The attempt to work out this “alternation” theory by dividing the extant plays of the period into front and back scenes has not been successful. A further difficulty arises from the fact that not all the spectators were in front of the stage. A traverse between the pillars would not conceal what was going on behind it from people on either side of the stage. To block out their view, further traverses at right angles to that between the pillars would be necessary. The result, inevitably, would be to conceal not only the back scene from them, but a great deal of the front scene, too, on which action would be in progress. An even greater difficulty attends the suggestion that, since there are notable instances where it would be absurd for actors to enter the front scene by the only available entrance, that is, through the traverse, there must have been hangings all along both sides of the stage so that actors might enter from the sides. It is to be noted, too, that this theory supposes the upper stage or balcony to be concealed by the traverse. This would mean that all scenes in which the balcony was occupied must be back scenes, which is not easy to establish, and makes it impossible that the audience should ever have used the balcony; while three extant illustrations of the stage—the title-pages to Richards’s Messallina (1640) and Alabaster’s Roxana (1632), and the picture of a “droll” on the stage of the Red Bull which forms the frontispiece to Kirkman’s The Wits (1673)—distinctly show the traverse hanging from below the balcony, while the first and the last show a separate curtain for the balcony itself.
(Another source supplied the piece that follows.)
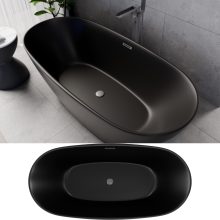 HD Aurora Matt Black 170x75 ovális térben álló akril kád szürke túlfolyóval és click-clack leeresztővel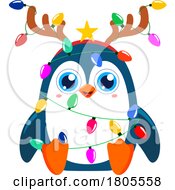 Poster, Art Print Of Cartoon Christmas Penguin Decorated With Lights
This theory seems to lose sight of the simple origin of the stage—a temporary platform erected in the midst of a crowd and surrounded by spectators regarding it from nearly all the four sides—and to err from over-anxiety to credit an Elizabethan audience with a susceptibility to the incongruous. The very naïve tradition of the miracles and early moralities, in which two or more scenes, sometimes representing localities hundreds of miles apart, were on the stage simultaneously, had not died out; and the audience may be fairly supposed to have been no more offended by the conventions of dramaticspace than is a modern audience by those of dramatictime, which allow an imaginary half-hour to pass in an actual five minutes. In his Apologie for Poetrie (written about 1580–1) Sidney writes:

  • For where the stage should alwaies represent but one place, … there is … many places, inartificially imagined. But if it be so in Gorboduck, how much more in al the rest, where you shal have Asia of the one side, and Affrick of the other, and so many other under-kingdoms, that the Player, when he commeth in, must ever begin with telling where he is, or els the tale wil not be conceived?
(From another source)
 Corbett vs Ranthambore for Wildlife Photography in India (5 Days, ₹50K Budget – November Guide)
  • His words are borne out by numerous cases in extant plays, where two or more places are imagined to be on the stage at the same time; and it scarcely needs the evidence of ascertainable instances to prove that an Elizabethan audience would not have the least objection to seeing properties (such as the bench in the drawing of the Swan) brought on the stage without concealment and left there after they had served their turn, though it is extremely likely that susceptibility to the incongruous grew, as time went on, under the influence of Jonson and the classical playwrights. In spite of this, it is abundantly clear that there was a back stage, which could be revealed by drawing a curtain.
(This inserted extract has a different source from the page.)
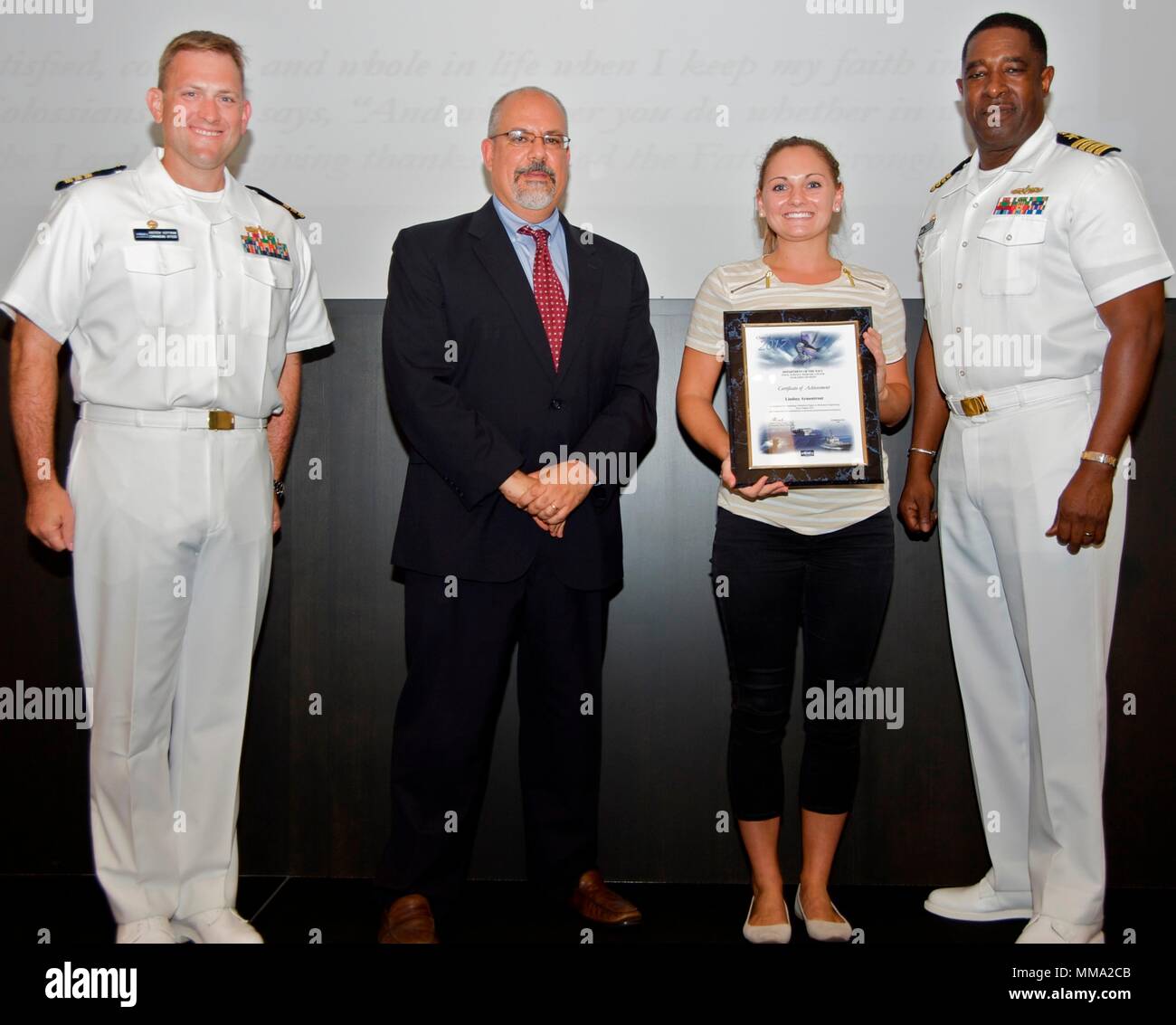 DAHLGREN, Va. Lindsey Armentrout receives her certificate of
    The fact is significant that, just as the Hope, though planned on the lines of the Swan, was to be built of wood, not flint, so, in the contract with the builder, it is directly stated that he “shall also builde the Heavens all over the saide stage to be borne or carryed without any postes or supporters to be fixed or sett uppon the saide stage.” It is possible, therefore, that the pillars of the Swan were as the drawing shows them, and that the pentroof covered half or nearly half the stage; but that the plan was found inconvenient, was confined to the Swan and was discarded by Henslowe when he built the Hope. In that case, the Swan may have had the front and back scenes divided by the lofty traverse, and have used them as suggested by the theory summarised above; but it is at least unfortunate that the draughtsman should have hit on a playhouse the arrangement of which was unique and discredited.